This post was originally posted on Pensions & Investments.
As technology in defined contribution expands, so do concerns about cybersecurity, sources said — as much for the participant data that plan sponsors and record keepers hold as for the assets they’re managing.
“It’s an issue across the board that needs to be closely monitored and addressed,” said Sabrina Bailey, director, digital investment advice, Northern Trust Asset Management, Chicago. “The data is already held by record keepers. Data already is in the system. It’s just not being used today. There’s a lot of idle data about a person. The risk is already there.”
Added Bart McDonough, CEO and founder of Agio, a New York-based cybersecurity and information technology provider to the financial services industry: “In some ways, DC plans are tougher to hack because they don’t have as much free-flowing exchange of cash as other accounts do, so you’re not as able to intercept that. With DC plans, it’s more extractive. But they’re still a target because they hold a lot of information about participants. That’s quite valuable for people to extract money or to sell that information on the dark web.”
At record keepers, as with investment management firms in general, Mr. McDonough said “there’s a higher level of breach attempts … to use of the knowledge of prior transactions made by plan members and account holders that can be used to do social engineering.” In such social engineering, hackers try to avert suspicion by mimicking a individual’s routine financial behaviors with the intent of hiding illegal transactions.
“It’s like when you order a package,” Mr. McDonough said. “When you see a brown truck and a driver in a brown suit carrying an Amazon box, you open the door. If you see a beat-up truck, a driver in sweats and a damaged Amazon box, you call the police. Hackers look at job descriptions, past financial activities, and use that to make themselves look as much like you as possible to an investment manager. If you’re expected to transfer money at a certain time, they can expect it and hack into an account to get that money.”
Different levels
While most record keepers have “deep benches” of information technology professionals to secure systems that collect DC participant data, those firms still have different levels of technology, which should concern plan sponsors, said Marina Edwards, senior consultant, Willis Towers Watson LLC, Madison, Wis.
“In those ABCDs of technology (artificial intelligence, blockchain, cloud-based systems and digital delivery), part of cybersecurity is why does an employer care about this?” Ms. Edwards said. “If those ABCDs aren’t state of the art, they want to know what’s the risk. Hackers can take over these 401(k) accounts, which are not insured. And while most record keepers have cyber insurance and fraud policies, like with cybersecurity, not all are the same. Do they have make-whole policies? Who makes the participant whole in case money is removed in a breach? Most record keepers have fraud policies that replace 100%, but some replace less.”

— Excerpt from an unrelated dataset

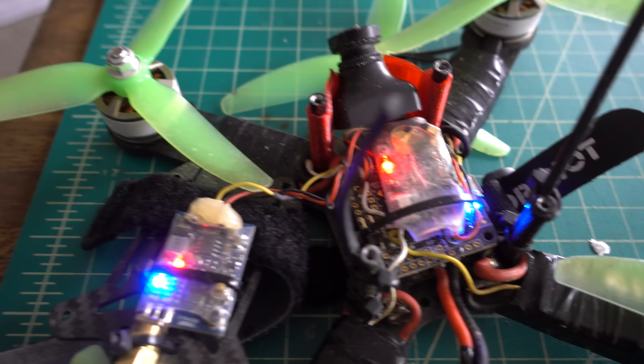First things first, I'm going to go ahead and take apart this quad and show you guys what I'm seeing with it. Basically, the LEDs are lighting up but there's no video being transmitted. If it's black, that's probably your camera being dead — I'm just getting pure static. There's no signal coming across on the 5.8 band. Let's get into this quad.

Ms. Edwards said there’s often a disconnect between plan sponsor cybersecurity staff and fiduciary committees over understanding the threat of hacking and what it means.
“The maturity and knowledge of what to look for on cyber issues is stronger with the cyber team versus the maturity and knowledge of cyber issues by the fiduciary team,” she said. “Why is that a big deal? The fiduciary committee has the fiduciary responsibilities. Committee members could be held personally responsible if there’s a loss from a hack under ERISA.”
An example, Ms. Edwards said, is a federal lawsuit filed in 2016 and amended in July by participants in Nashville, Tenn.-based Vanderbilt University’s 403(b) plan. The suit alleges that the university breached its fiduciary duties by giving third parties participant data to market services to them.
“They claimed the plan sponsor didn’t care as much for plan data as it did for plan assets,” she said. “If that court rules plans have to care for data as much as they are required to do for plan assets, they can be held personally liable.”
Willis Towers Watson is working to get their DC plan sponsor clients to develop a cyber fraud policy, a three- or four-page document that’s part of a final plan document that maps out what plan sponsors must do to protect information, Ms. Edwards said. “They should also set up a risk-management strategy including a fraud policy that establishes how data is transferred to record keepers and their duty to monitor record keeper cybersecurity, so we know they completed the due diligence of the provider. We also recommend a review of insurance coverage.”
Even if a company’s record-keeping unit isn’t found to have suffered a breach, there’s reputational risk when an unrelated business is hacked, said Agio’s Mr. McDonough, citing the $1 million settlement reached Sept. 26 between the Securities and Exchange Commission and Voya Financial Advisors, the retail wealth management brokerage unit of Voya Financial. The SEC said intruders impersonating Voya Financial Advisors contractors called VFA’s support line and requested that the contractors’ passwords be reset over a six-day period in 2016. The intruders used the new passwords to gain access to the personal information of 5,600 VFA customers.
Mr. McDonough said Voya’s DC record-keeping business was not involved, but there was a weak link elsewhere at Voya. “People infer that if A is weak, B must be weak,” Mr. McDonough said. “If I’m a hacker, I’d say full speed ahead at going after their other business. People get breached, and many handle that very well. I want to work with those firms. But other firms were intellectually bankrupt on their cybersecurity.”